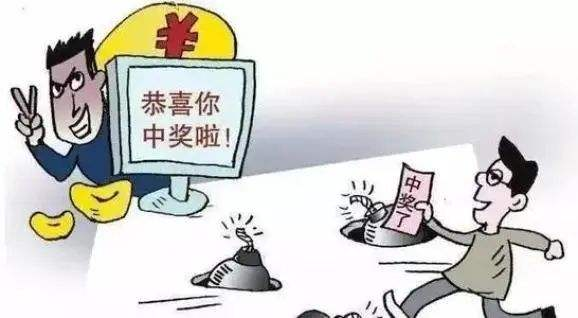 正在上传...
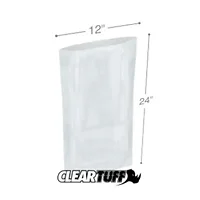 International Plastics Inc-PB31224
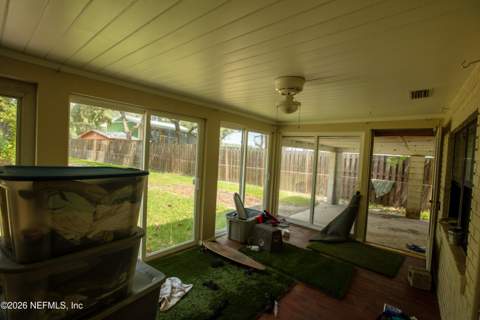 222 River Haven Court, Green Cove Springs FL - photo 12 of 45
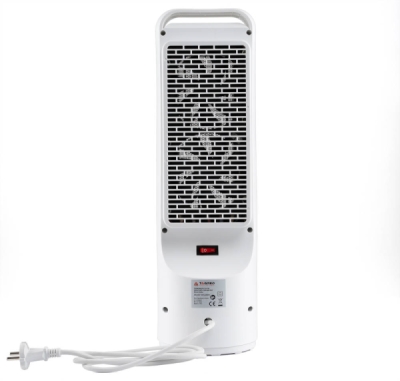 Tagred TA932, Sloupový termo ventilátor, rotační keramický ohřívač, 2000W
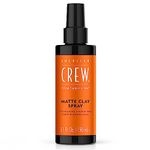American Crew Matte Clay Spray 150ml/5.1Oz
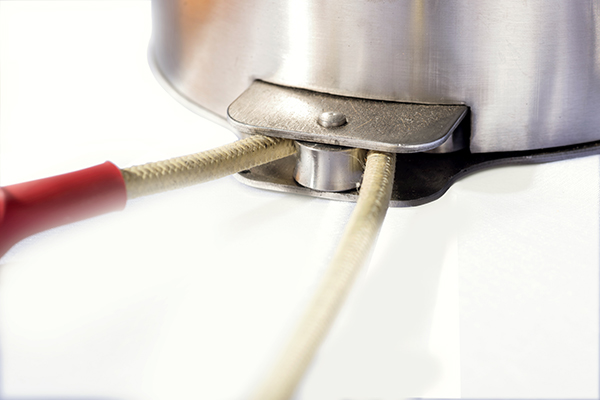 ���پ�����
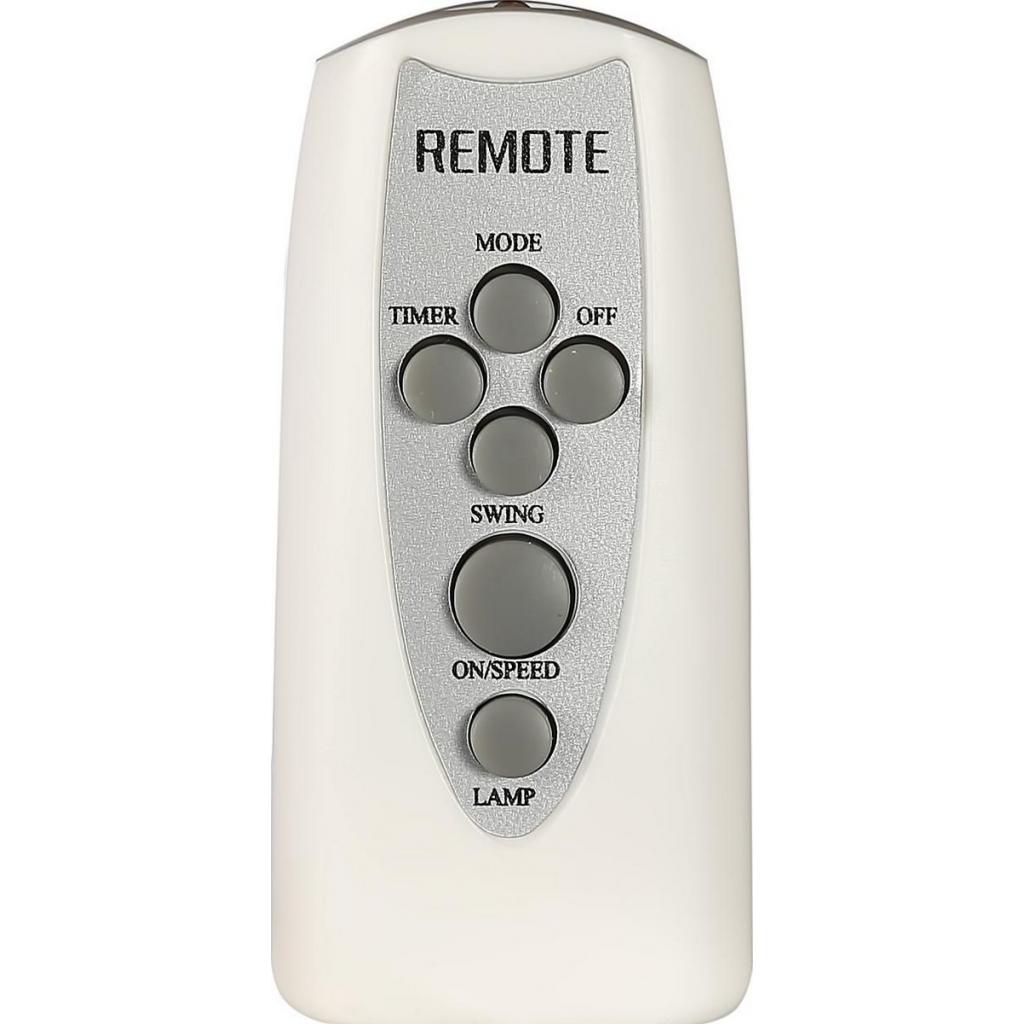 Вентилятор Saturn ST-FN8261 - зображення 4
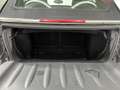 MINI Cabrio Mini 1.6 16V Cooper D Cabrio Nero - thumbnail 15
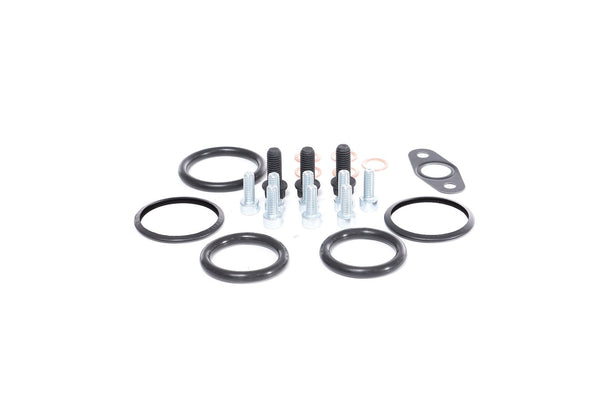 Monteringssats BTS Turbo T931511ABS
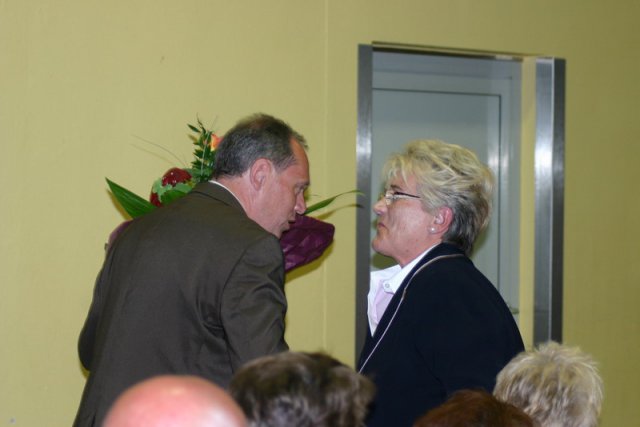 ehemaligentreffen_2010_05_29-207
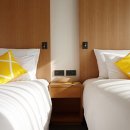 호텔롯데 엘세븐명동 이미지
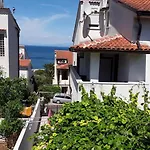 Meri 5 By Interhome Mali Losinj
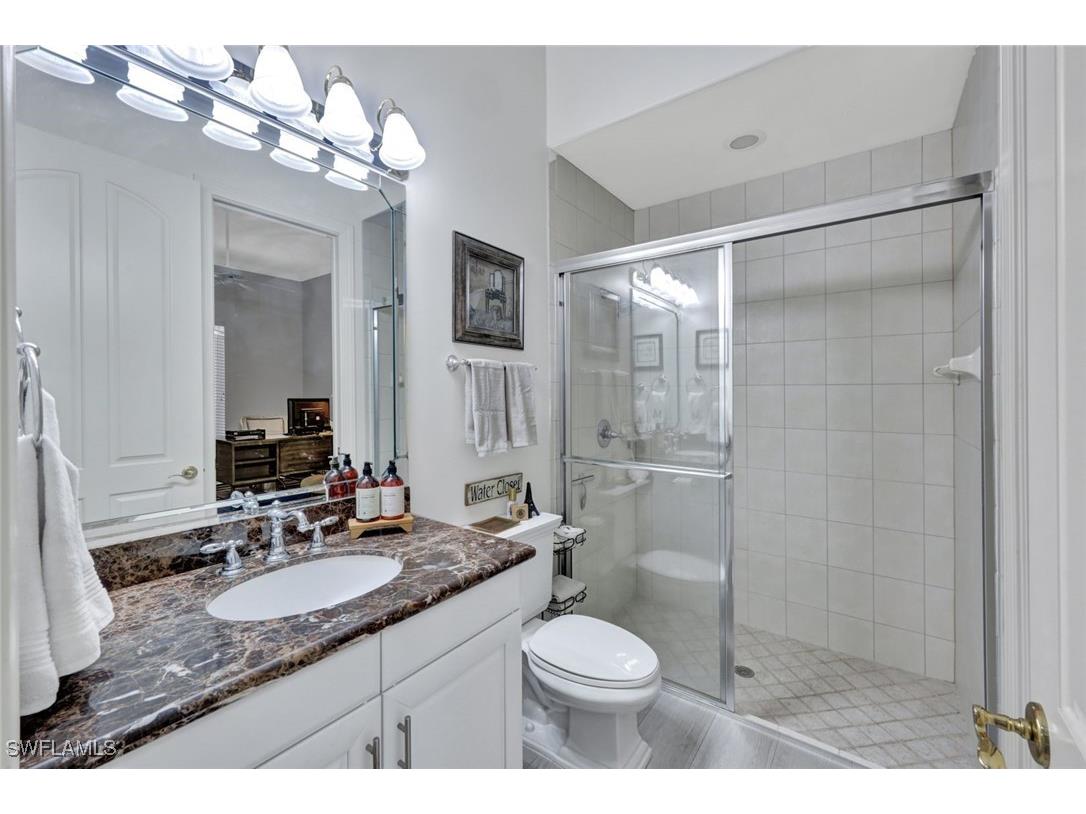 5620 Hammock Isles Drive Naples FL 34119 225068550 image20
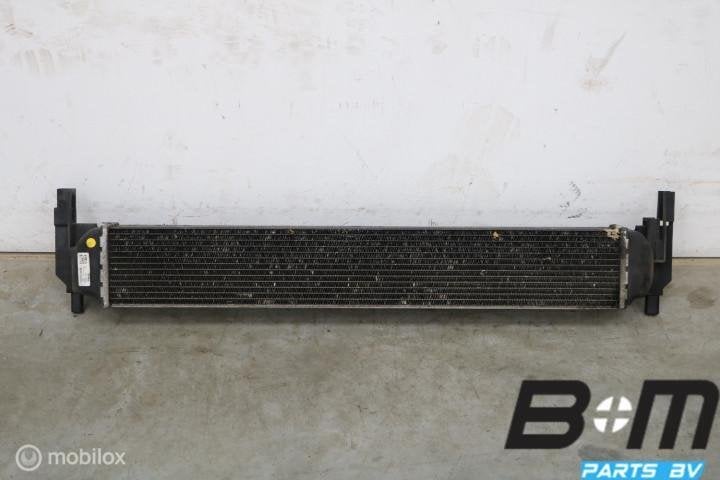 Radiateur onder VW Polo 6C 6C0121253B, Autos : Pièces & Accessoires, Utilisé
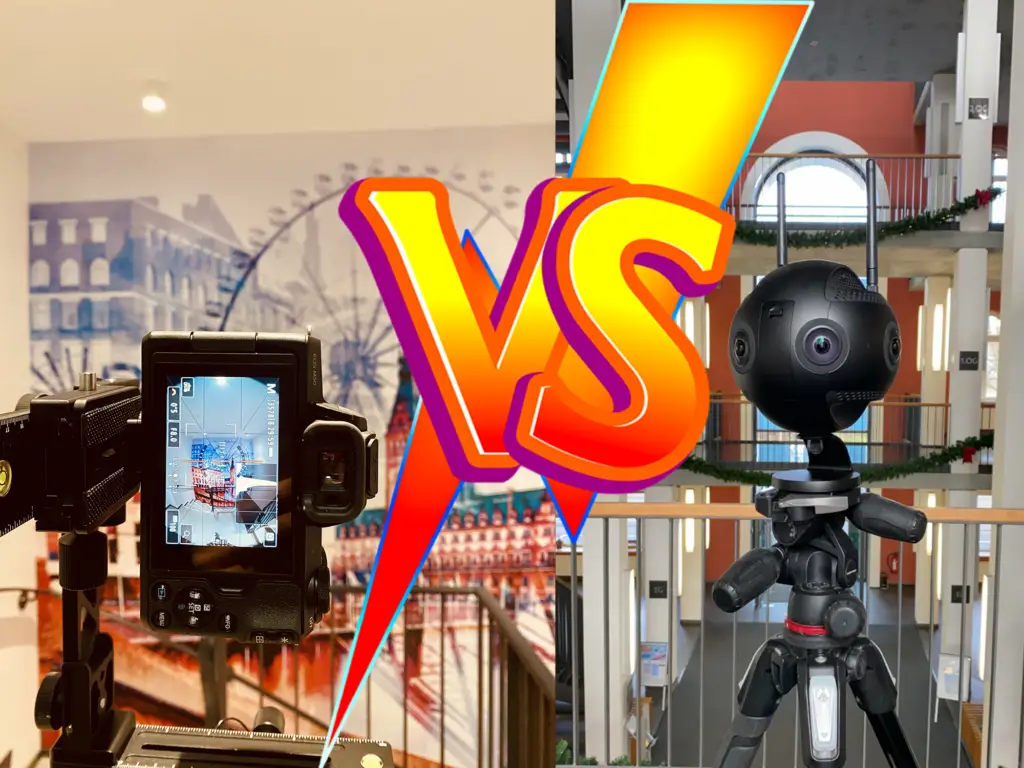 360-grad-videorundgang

Your goal: Begin the copy at the line containing "ehemaligentreffen_2010_05_29-207" and end it at the final line of the material above, reproducing each line exactly and omitting pictures.

Written answer:
 ehemaligentreffen_2010_05_29-207
 호텔롯데 엘세븐명동 이미지
 Meri 5 By Interhome Mali Losinj
 5620 Hammock Isles Drive Naples FL 34119 225068550 image20
 Radiateur onder VW Polo 6C 6C0121253B, Autos : Pièces & Accessoires, Utilisé
 360-grad-videorundgang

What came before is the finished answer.